Giter Site home page Giter Site logo

fetv-eval's Introduction

FETV_eval

This repo describes how to reproduce the evaluation results in the FETV paper.
If you only want to evaluate a new text-to-video (T2V) generation model using the FETV benchmark and UMT-based metrics, please refer to the folder UMT.

1. Video Collection

1.1 Collect Generated Videos

We evaluate four T2V models: CogVideo, Text2Video-Zero, ModelScopeT2V and ZeroScope.

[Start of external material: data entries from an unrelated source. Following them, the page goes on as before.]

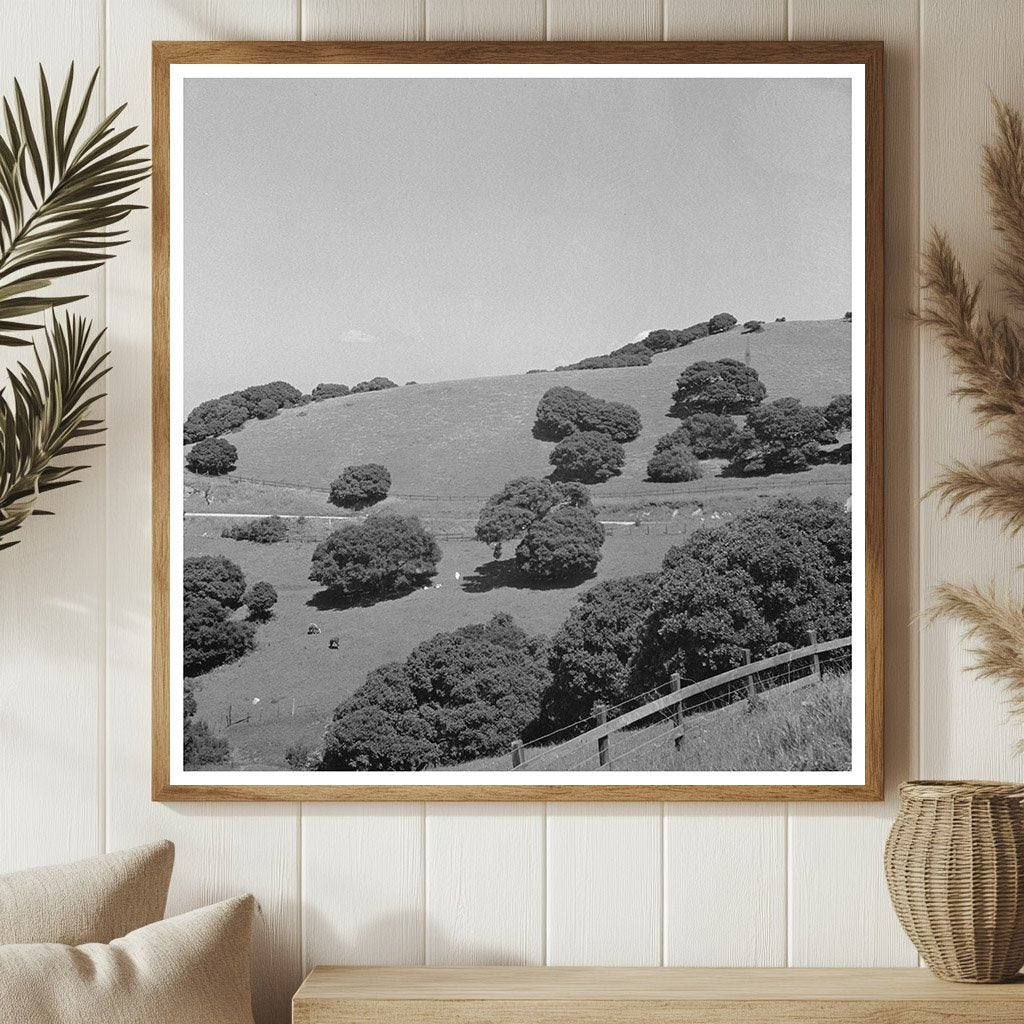 San Benito County California Landscape May 1942 - Available at KNOWOL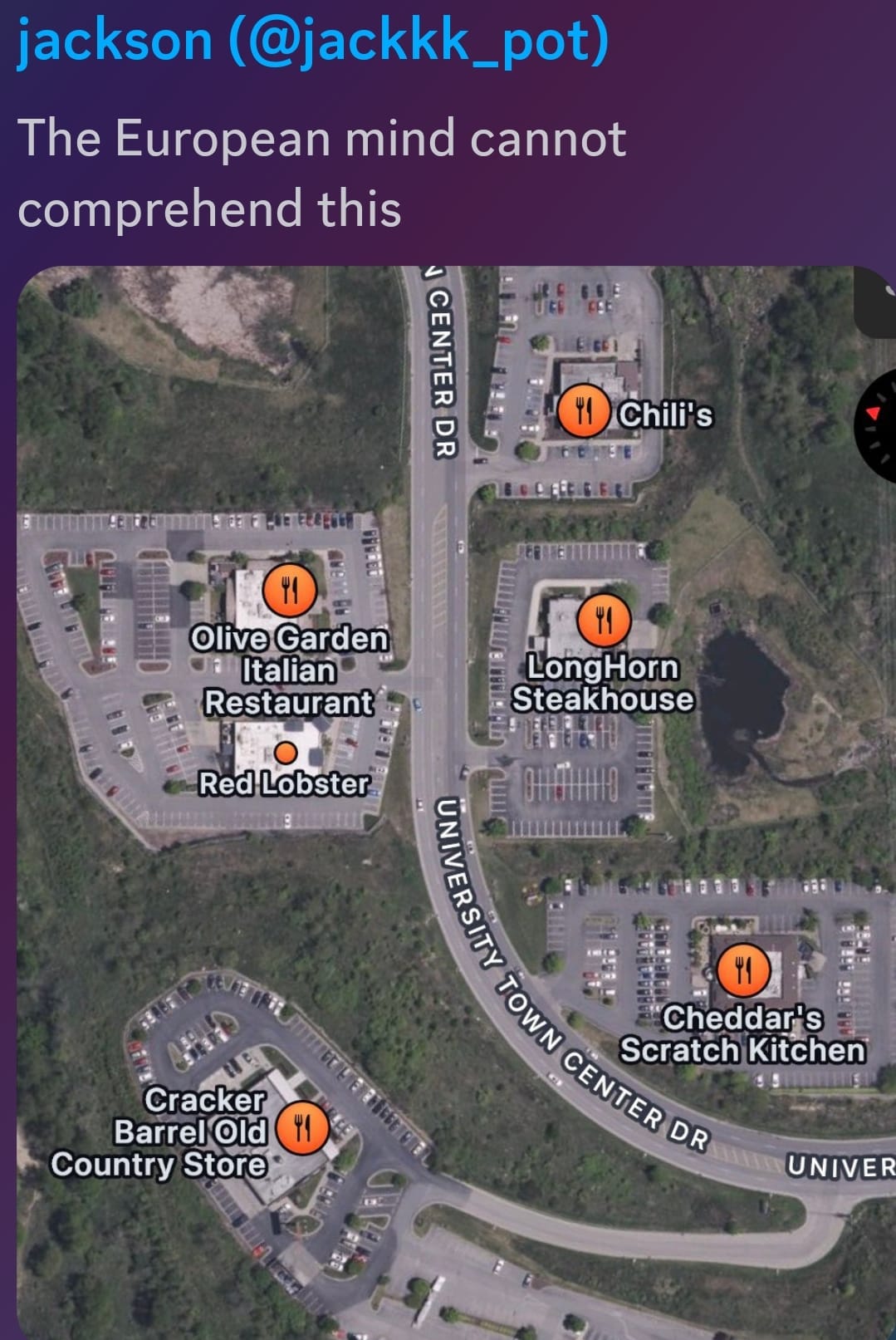 Okay, let's break down this image, leaning into the requested theoretical frameworks where applicable. It's important to note the prompt’s rather provocative claim ("The European mind cannot comprehend this") will be...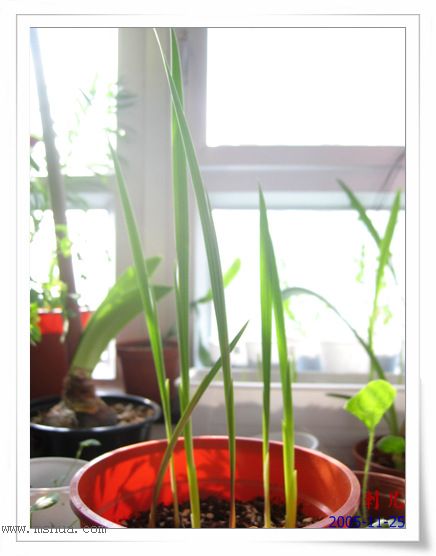 ˯�ѵ�����P10�̻��컨һ�𿪣�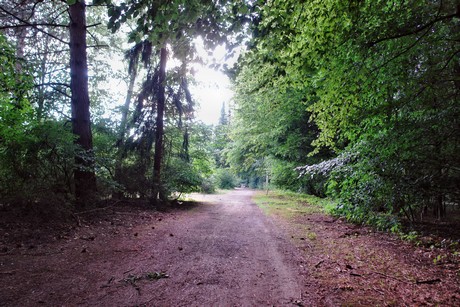 westfriedhof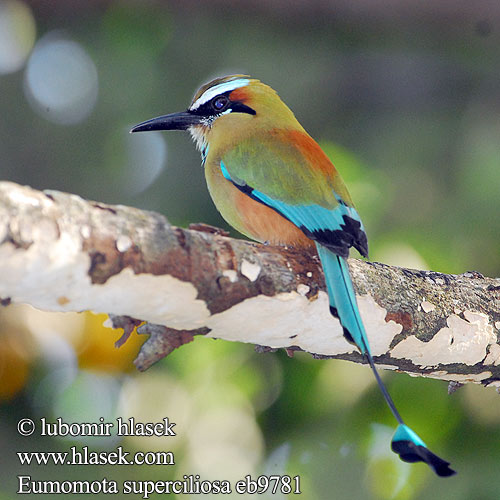 Motmot sourcils bleus cigliaturchesi sopraccigli azzurri アオマユハチクイモドキ Wenbrauwmotmot Wenkbrauwmotmot Turkisbrynmotmot Pilodziób czarnogardly Синебровый момот Eumomota superciliosa Momot hnědý skořicovobřichý Blåbrynet Motmot Brauenmotmot Brauen-Motmot Turquoise browed Motmot Turquoise-browed Burgo Turquesa Momoto Ceja Azul Cejiazul Cejiceleste Cejiturquesa Taragón Türkiismotmot Mustakurkkumomotti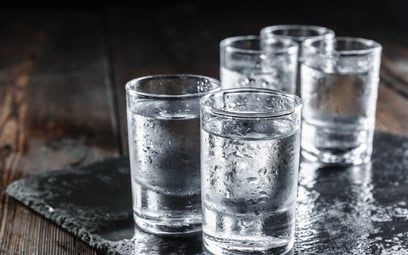 WÓDKA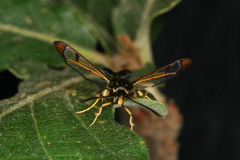 Synanthedon caucasica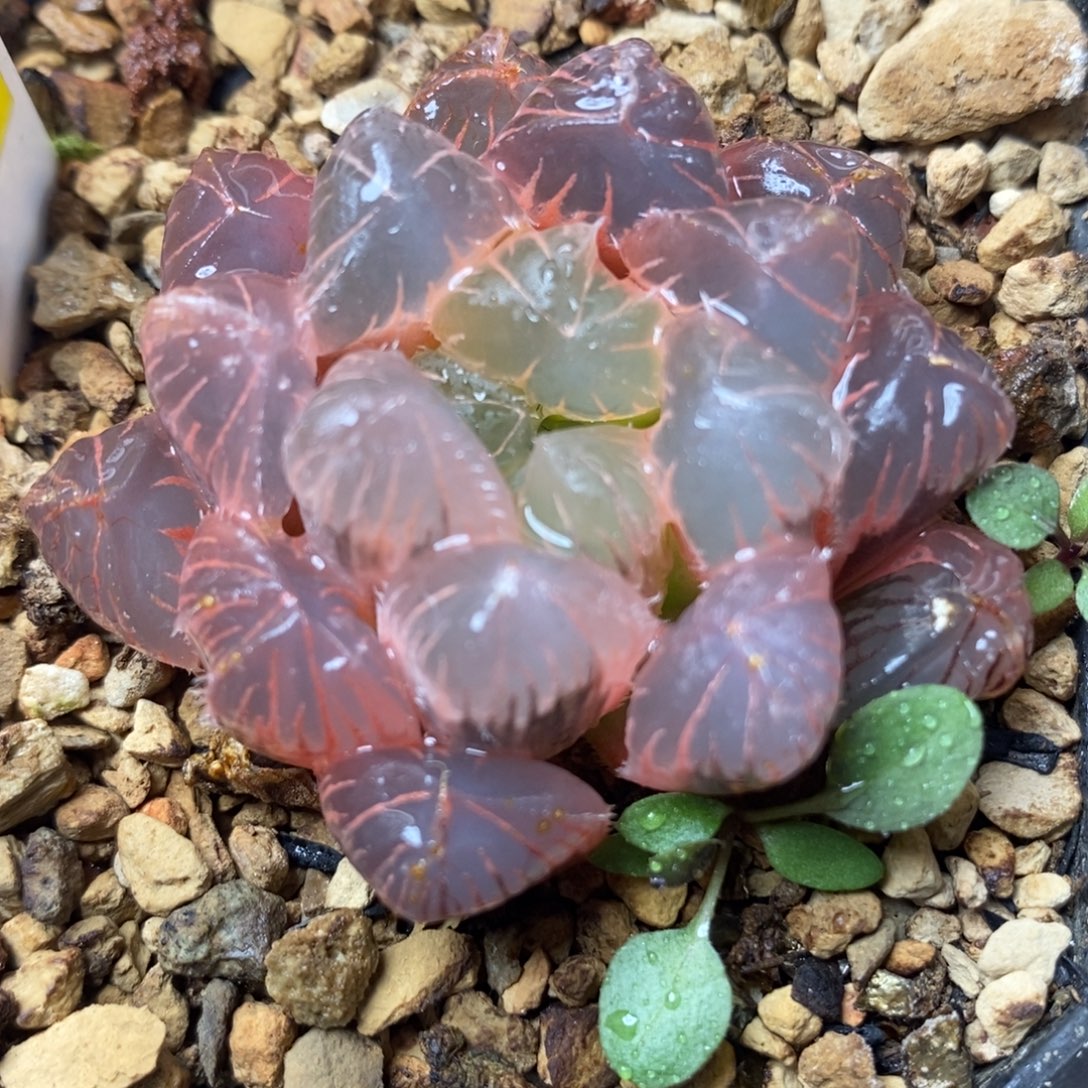 732糊斑实生玉露锦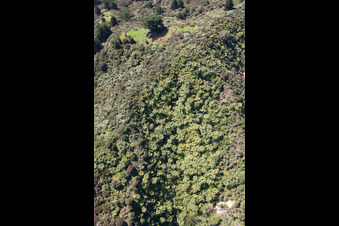 Coromandel dans le département Waïkato, Nouvelle-Zélande du point de vue du drone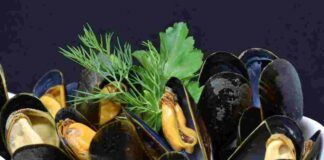 Impepata di cozze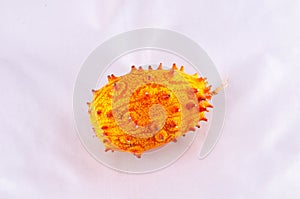 Kiwano (Cucumis metuliferus)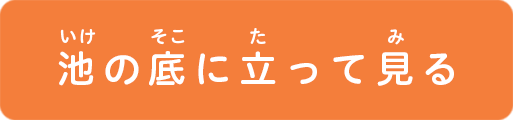 池の底に立ってみる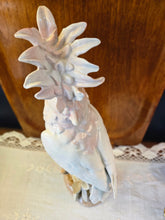 Load image into Gallery viewer, Vintage Cockatoo Royal Dux Porcelain
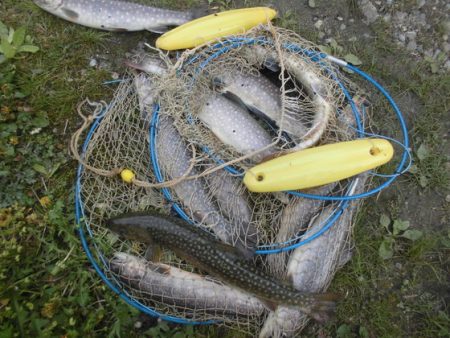 高萩ふれあいの里フィッシングエリア 釣果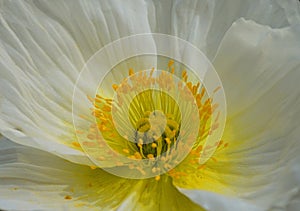 Champagne Bubbles White Iceland Poppy flowers close up.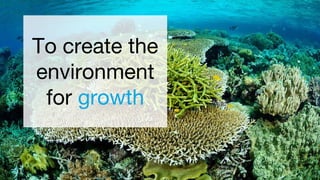 To create the
environment
for growth
 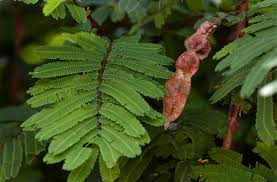 Image result for Acacia amythethophylla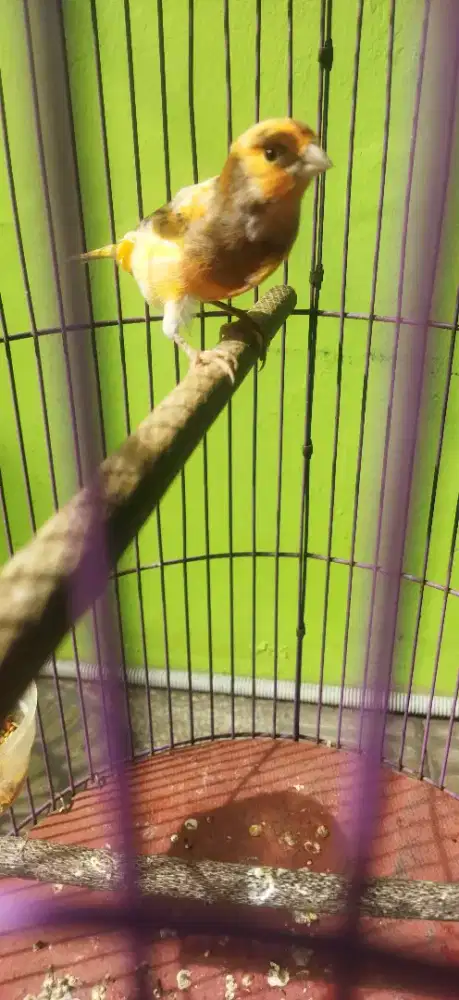Burung kenari bon simetris oren gacor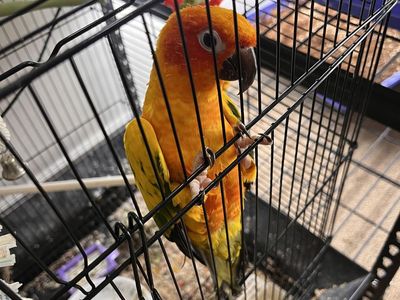 Sun Conure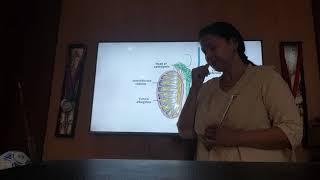 Anatomy of Testes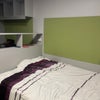 Photo 3: Bed & poster wall
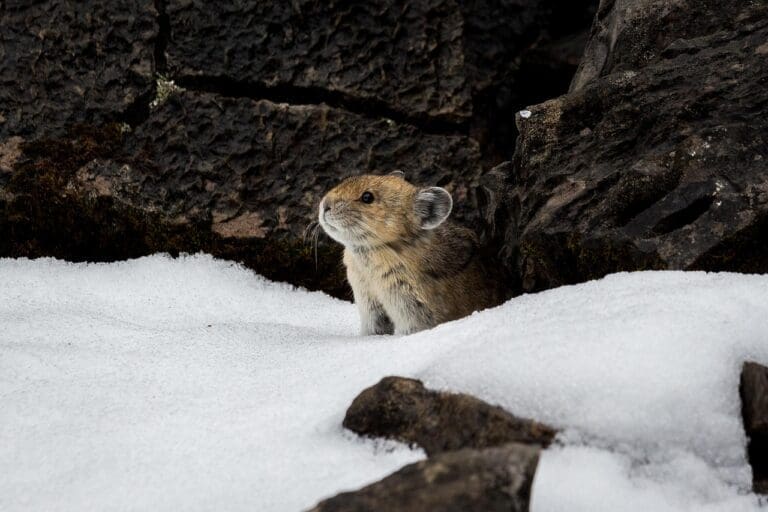 Featured Creature: Pika - Biodiversity for a Livable Climate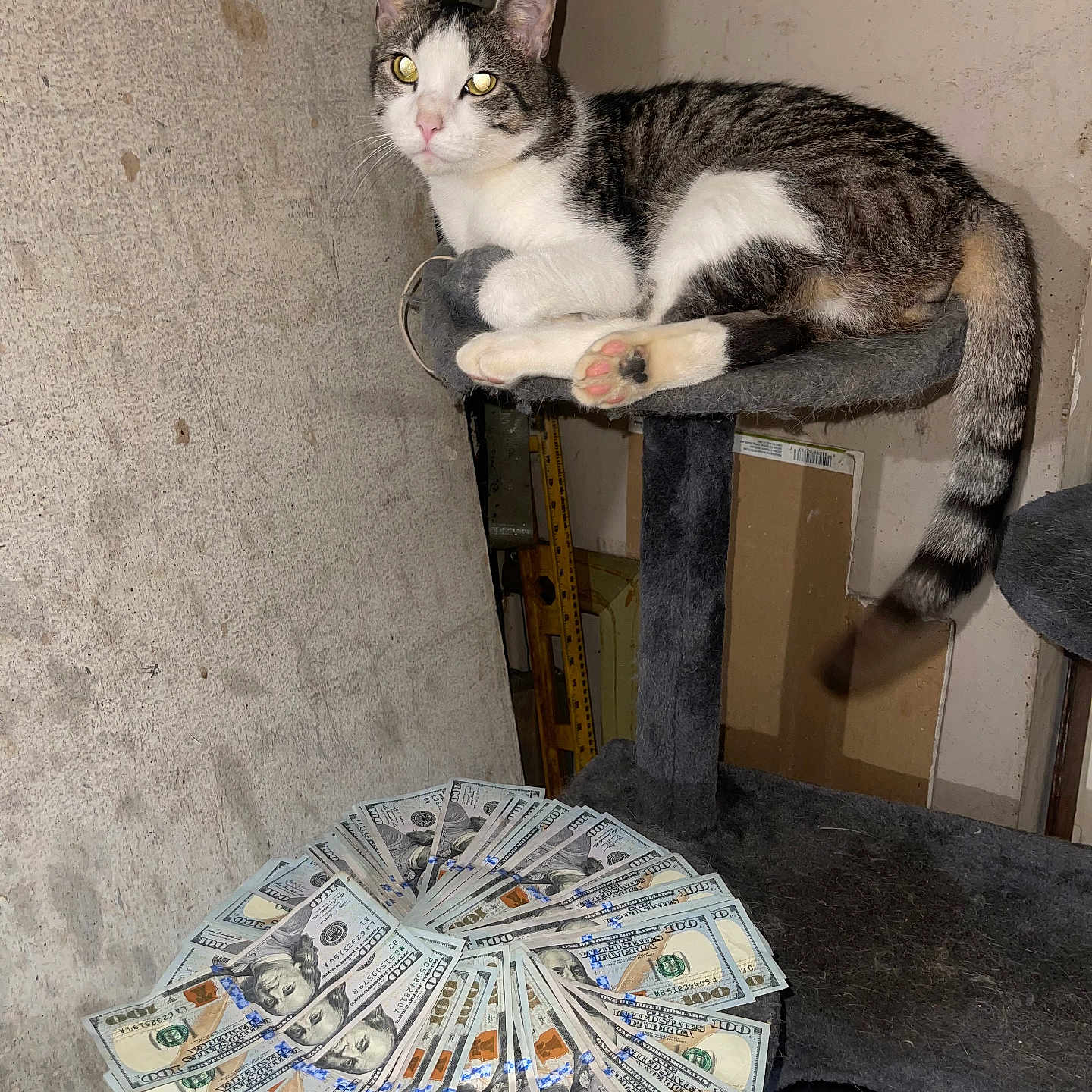 Winston joined the competition — help win amazing prizes! abyssinian, animal, cat, chair, egyptiancat, face, furniture, head, kitten, manx, money, number, paper, person, pet, sundial, symbol, table, text, urban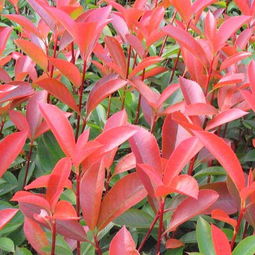 江西優(yōu)質苗木基地 江西紅葉石楠苗價格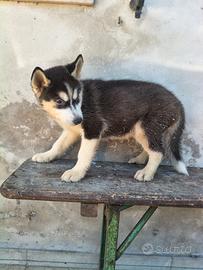 Siberin husky con pedigree Enci
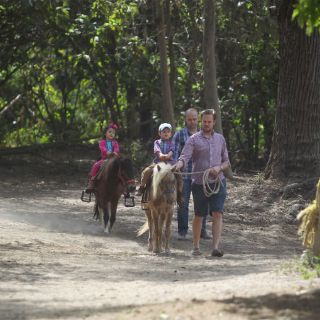 La Semadet gana una batalla legal para proteger Los Colomos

The generated videos and processed video frames are provided in this huggingface dataset. Download them to datas/videos

The folder is structured as follows:

datas/videos
	├── cogvideo
	│   ├── videos
	│   └── 16frames_uniform   
	├── cogvideo_fid
	├── text2video-zero
	├── text2video-zero_fid
	├── modelscope-t2v
	├── modelscope-t2v_fid
	├── zeroscope
	└── zeroscope_fid

cogvideo/videos contains 619 videos generated from the prompts in datas/fetv_data.json. cogvideo/16frames_uniform contains uniformly sampled frames of the videos. cogvideo_fid contains 2,055 videos generated from the prompts in datas/sampled_prompts_for_fid_fvd/prompts_gen.json, which is used to compute FID and FVD.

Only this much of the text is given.